But it seems not everyone got the memo.
For example, a hunger relief charity in Kalamazoo, Michigan, launched an online fundraising drive to build a library named in honor of actor LeVar Burton. The website included the actor’s name and image, along with the library’s logo. Problem is, Burton didn’t know anything about it—and he wasn’t impressed when he found out.
Now the charity is dealing with negative press on a national scale, the potential for legal action by Burton, and an investigation by the Michigan Attorney General.
If anyone deserves to have his name on a library, it’s LeVar Burton. A champion of child literacy, Burton hosted the PBS-TV series Reading Rainbow for 23 years. (On the off-chance you missed that award-winning show, you might know him as Lt. Commander Geordi LaForge on Star Trek: The Next Generation, or from his breakthrough role as Kunta Kinte in the 1977 mini-series, Roots.)
That, of course, isn’t the issue.
The charity’s founder insists that while planning the library, he reached out to Burton “numerous times” asking for his endorsement, but the actor never responded.

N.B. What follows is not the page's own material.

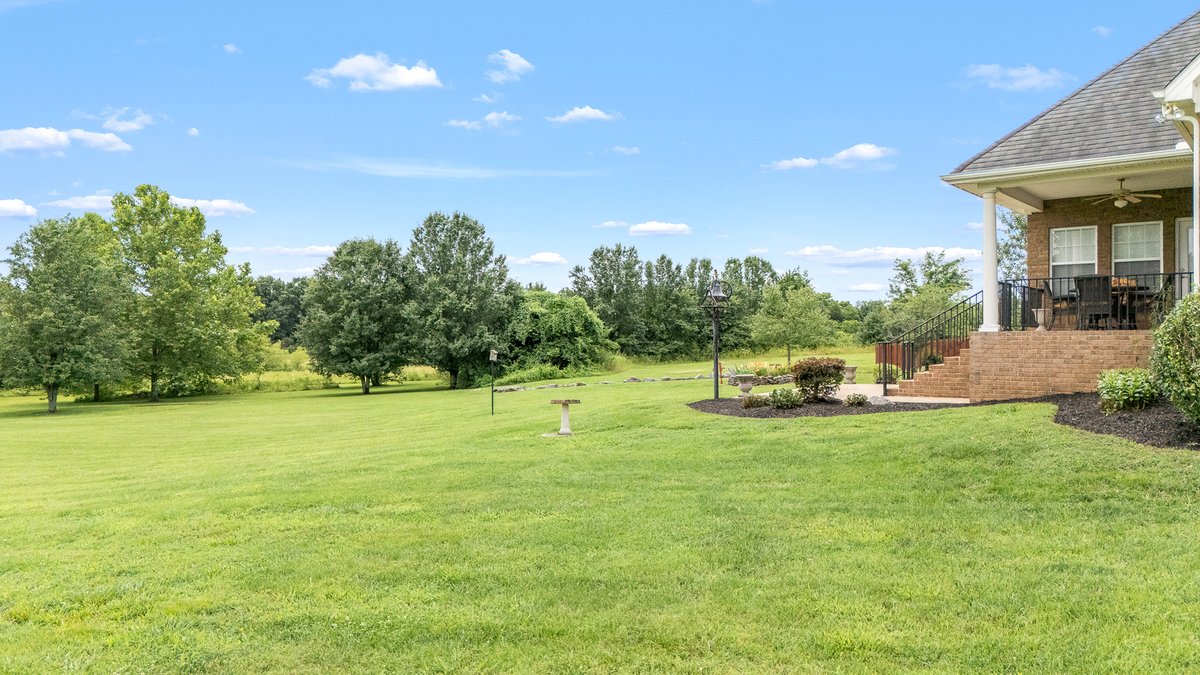 Image for 120 North Point Circle N, Shelbyville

And so the nonprofit apparently embraced that old Latin proverb, “Qui tacet consentire videtur”—in short, "silence gives consent."
For the record, that’s not how any of this works.
Using someone’s name without permission to solicit money is an obvious no-no. But communicators would do well to recognize another teachable moment here and ask themselves a hard question: How often do we appropriate someone else’s materials for our own use?
The internet makes puts an enormous amount of intellectual property literally at our fingertips. It’s easy to convince ourselves that it’s okay to use—and if someone objects, well, it’s simpler to ask forgiveness than to ask permission.
Again, that’s not how any of this works. Good intentions (like starting a library in someone’s name) don’t make it right. Neither does ease of access. Content creators bring talent and expertise to their work, and they deserve to be paid when their stuff is used.
Even an honest mistake is still a mistake. Last year I found myself paying a modest-yet-painful, settlement after using three news images to go along with related blogs. While I still believe I used the photos appropriately under fair use—and there’s evidence to suggest my experience was essentially “legal extortion”—I chose not to fight it. Even if I was right, I felt they had a point. Someone else created those images and deserved both credit and compensation for their use. When I sent the check, I added an apology.
I often talk about how PR should serve as the conscience of the organizations we serve. That’s a tremendous responsibility, one that’s vital today more than ever. It means asking the tough questions, even when the organization doesn’t want to hear them. It means checking on our own behavior, making sure it’s ethically above board at all times. It means owning our mistakes when we make them, learning the lesson and doing better.
Let’s make sure the lesson from the Burton library brouhaha sinks in for all of us.